If mould is left untreated it can eat away the water proofing properties, cause unpleasant stains of your canvas and eventually rot your canvas.

Obviously prevention is better than cure, but sometimes its impossible to catch mould in time before it becomes a significant problem. Manufacturers will always recommend you never pack up a wet canvas product or at least ensure it is set up again when you get home to clean and let dry completely before putting it back into storage.

It only takes a small damp patch for mould to start taking hold and once it does – you need to act fast.

If you trawl the internet you will find hundreds of home remedies and suggestions of how to kill mould on canvas.

Ideas to try are:

  • 1/4 teaspoon of oil of cloves per litre of water in a spray bottle for cleaning mould from hard surfaces. Lightly mist on, leave overnight and wipe off.
  • For soft items mix one kilogram of uniodised salt in a nine-litre bucket of water. Paint over the item, leave until a salt crust forms then wipe off with a soft brush.
  • For cleaning mould from canvas, try tablespoons each of bi-carb soda, white vinegar and methylated spirits, and two teaspoons each of eucalyptus and glycerine.

It is important to kill the mould and the spores to stop mould growing, but it does stain the canvas if left to get too severe. I would always recommend trying to kill the mould before attempting the technique that I will outline below.
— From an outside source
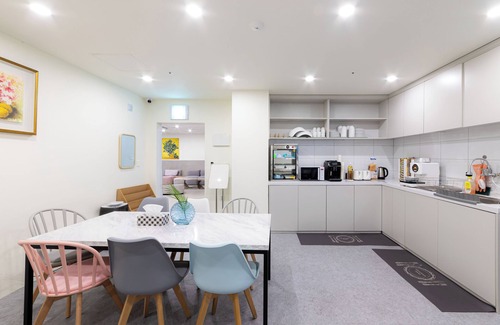 Ikseon-dong Hanok Village Hotel | MJ HOTEL JONGNO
We travel in our Jayco Eagle Outback full time, it gets exposed to harsh weather of all kinds, and after spending time in FNQ with hot, humid days and nights of heavy rain our canvas copped a hiding. Mould started to appear, particularly at the bed ends when things like pillows and doonas may rest against the canvas. When this happens the pillow or doona etc acts like a ‘wick’ and helps draw the moisture in through the canvas fibres. Nights with a heavy dew is major cause of mould for many campers too.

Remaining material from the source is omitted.